I use it as a dual boot system my self. Mostly I find it
useful for rebuilding compilers and software. For most day
to day stuff I still use Windoze. :-(
>Everyone I know who uses Linux or works with it sings the praises of how
>blindingly fast programs run on it, the fact that it will run on just
>about everything and with unbelievably small amounts of memory required
>and that it just doesn't crash.
You need to have a CD drive to get it installed in any easy
fashion unless you have a direct network connection, and a
MODEM does not count.
>"Linux is designed for the low end of the Unix world. It runs, and runs
>well, in four megabytes of memory on an Intel 386 processor -- something
>not even Windows 3.1 could manage.
>A complete single-user installation with X Windows and the software
>development tools really needs a 486 and takes more space, but it still
>fits nicely in eight to 12 megabytes of RAM and 40 megabytes of disk
Alas it is not as easy as slapping in the RedHat 5.2 CD any
more and getting it to run in these low end systems. It can
be done but not with their nice package installer. That use
to be the case in earlier smaller versions of Linux.
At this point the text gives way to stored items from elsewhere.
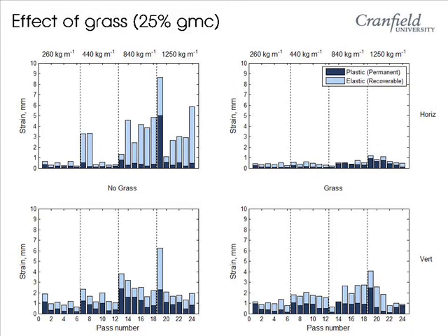However, the roller has not changed. The stresses are the same in both graphs. Therefore, the grass plant must be being stressed, and this has implications for pitch quality.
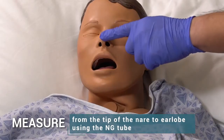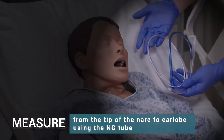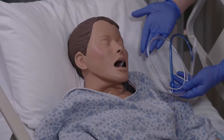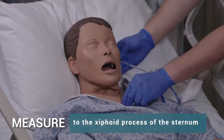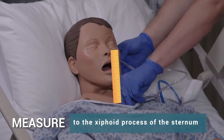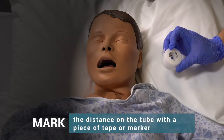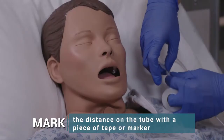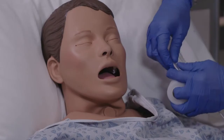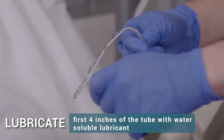Measure from the tip of the nare to the earlobe using the NG tube, then measure to the xiphoid process of the sternum. Mark the distance on the tube with a piece of tape or marker. Lubricate the first four inches of the tube with water-soluble lubricant.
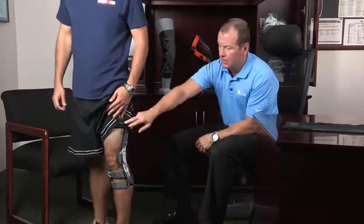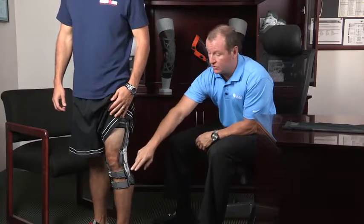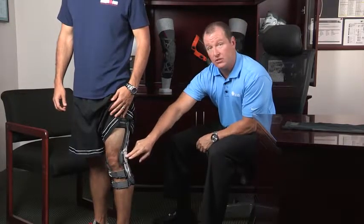When you combine the frame design of four points of leverage reducing strain on your ACL, in addition to the hinge keeping you out of that at-risk zone, you've got a great level of technology to help protect against ACL injuries.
>Although Linux tends to be weak in desktop productivity applications, it
http://www.gnome.org is addressing this issue.
>Good overview of why Linux is so great;
I don't know what it cost form XOOM but it was about $50 to
buy in the local book/software store. You want the RedHat
Box Set. If your new to Linux you NEED to have "The
complete Red Hat Linux 5.2 Installation Guide" that comes
in the box. It has two other 'books' in PDF format on the
CD's as well that are required reading.